And members of the Pasadena Arts Commission, which Thursday endorsed a $360,000 environmental design contract that features a giant sycamore tree and assorted drought-resistant plants, said the plan will convert the grounds into a shady garden with the feel of the nearby Arroyo Seco.
In fact, there is so much enthusiasm about the building’s ambience, it almost seems as though officials are expecting people just to drop in for coffee and chat about the weather.
“The whole idea is to be warm and open and friendly,” said Hagerty, the Police Department’s facilities planning manager. “Instead of looming over people . . . we want to say: ‘Hey, folks, this is your building. How can we help you?’ ”
To be sure, the project has not been a universal hit. There have been concerns recently about the rising cost of the structure, which now has a price tag of $23.5 million--about 38% more money than the bond measure raised.
Although Pasadena officials say a good chunk of that additional money will buy things such as computers and office equipment that the bonds couldn’t legally fund, some members of the city’s Endowment Advisory Commission have complained that the extra costs were not spelled out in the beginning.
“The voters believed that they were getting a building for $17 million that they’re paying $23 million for now,” said Leigh Rosenberg, chairman of the commission. “I think we may have let them down.”
Not all have been enamored, either, of the building’s historical reference points. Some local architects, for instance, have criticized its arched 50-foot-high tower as an obvious imitation that detracts from the Italian Renaissance dome capping City Hall.
“I believe the building’s a bit overdone . . . and makes too much of a replica-type visual statement,” said Armando Gonzalez, an architect and former member of the city’s Community Development Commission. “It seems to only relate to the past and not enough to the fact that we’re going into the year 2000.”

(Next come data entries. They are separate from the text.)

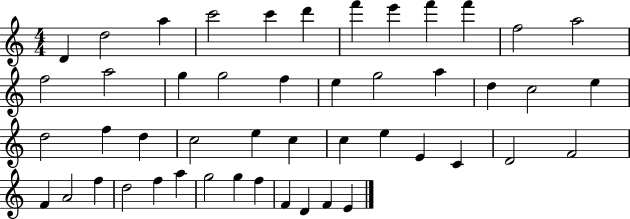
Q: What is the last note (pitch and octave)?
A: E4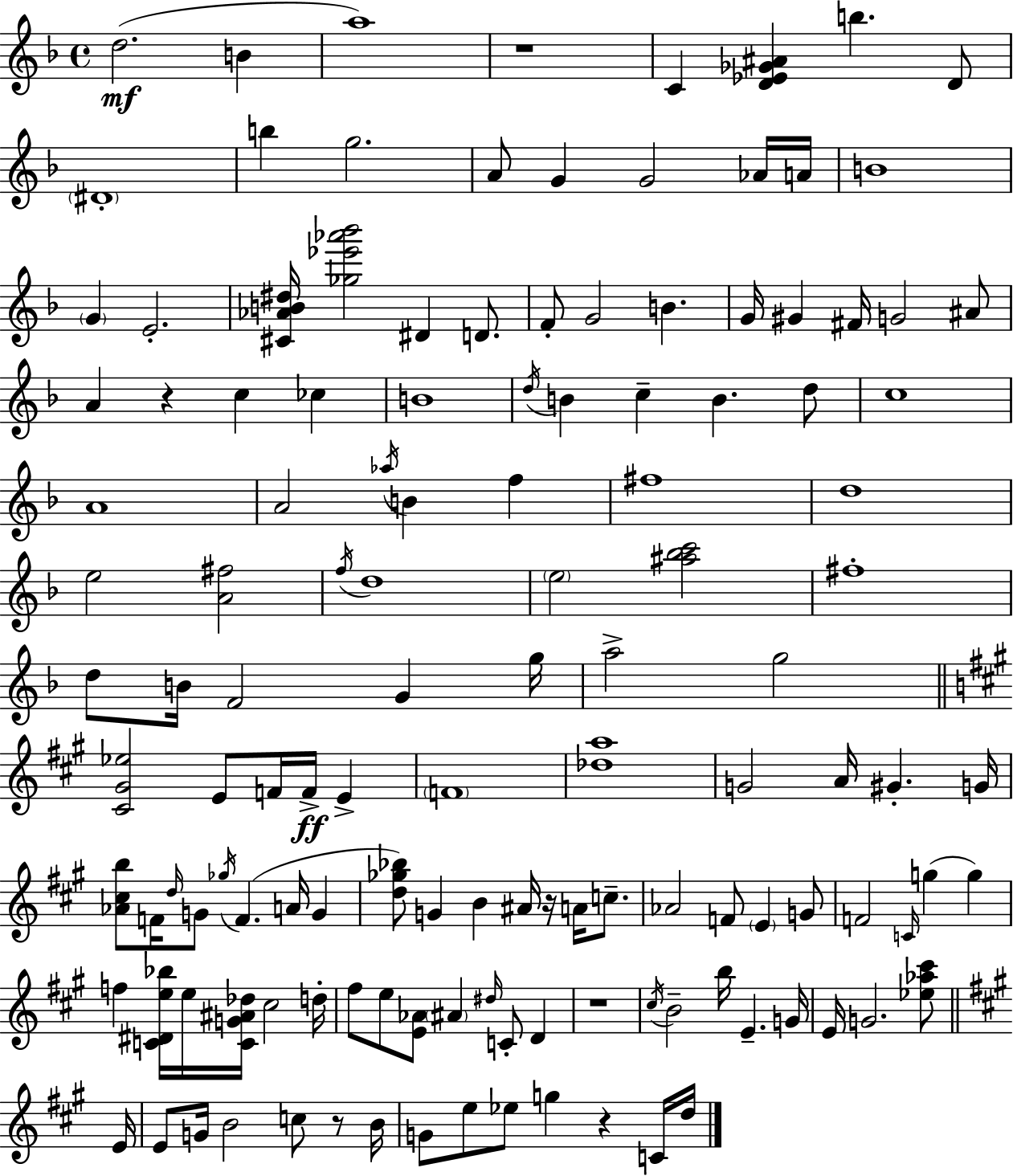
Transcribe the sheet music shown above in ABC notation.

X:1
T:Untitled
M:4/4
L:1/4
K:Dm
d2 B a4 z4 C [D_E_G^A] b D/2 ^D4 b g2 A/2 G G2 _A/4 A/4 B4 G E2 [^C_AB^d]/4 [_g_e'_a'_b']2 ^D D/2 F/2 G2 B G/4 ^G ^F/4 G2 ^A/2 A z c _c B4 d/4 B c B d/2 c4 A4 A2 _a/4 B f ^f4 d4 e2 [A^f]2 f/4 d4 e2 [^a_bc']2 ^f4 d/2 B/4 F2 G g/4 a2 g2 [^C^G_e]2 E/2 F/4 F/4 E F4 [_da]4 G2 A/4 ^G G/4 [_A^cb]/2 F/4 d/4 G/2 _g/4 F A/4 G [d_g_b]/2 G B ^A/4 z/4 A/4 c/2 _A2 F/2 E G/2 F2 C/4 g g f [C^De_b]/4 e/4 [CG^A_d]/4 ^c2 d/4 ^f/2 e/2 [E_A]/2 ^A ^d/4 C/2 D z4 ^c/4 B2 b/4 E G/4 E/4 G2 [_e_a^c']/2 E/4 E/2 G/4 B2 c/2 z/2 B/4 G/2 e/2 _e/2 g z C/4 d/4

But to others, such as Donna Mathewson, a member of the Cultural Heritage Commission and executive director of the local chapter of the American Institute of Architects, the building looks to the future as well.
“It’s going to be a lasting building,” she said. “Being in the civic center, it has to have a certain kind of ambience, feel and look. And I think it has it. Fifty years from now, it will still be handsome.”

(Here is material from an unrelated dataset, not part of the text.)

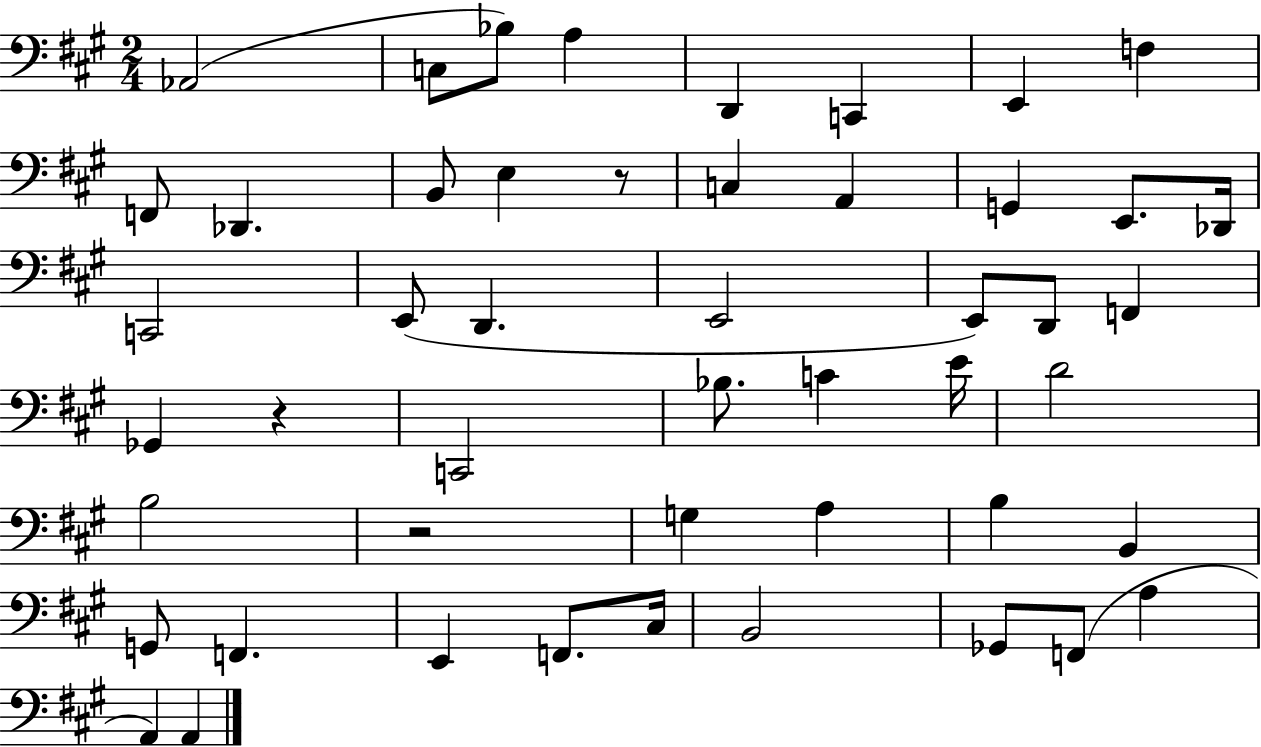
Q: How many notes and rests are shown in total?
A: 49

When the building’s architect, Robert A. M. Stern, was invited by the AIA chapter to present a slide show of his work last month at Caltech, he was greeted by a crowd of about 200 mostly appreciative colleagues.
Stern, the head of a New York firm that does about $200 million in business a year, has an impressive list of projects to his credit, including an annex to the U.S. Embassy in Hungary, the main personnel center at Disney World in Florida, the Norman Rockwell Museum in Stockbridge, Mass., and a master plan for the Fine Arts Village at UC Irvine.
His work is typified by clean, elegant lines that are more reminiscent of classical structures than the steel-and-mirrored-glass monoliths that tower over most American downtowns.
During his 90-minute talk on Nov. 15, Stern sniped at much modern architecture, which he considers superficial, overly ornamental and completely out of touch with its context.
The new police building, he said, complements the historical feel of downtown Pasadena, as well as fulfilling the people-oriented philosophy that the Police Department seeks to promote.
“We wanted to make a building that was at once an expression of the formidable quality of law, but that also invites people in,” said Stern. “I think we’ve achieved that. . . . It’s a civic building to be proud of.”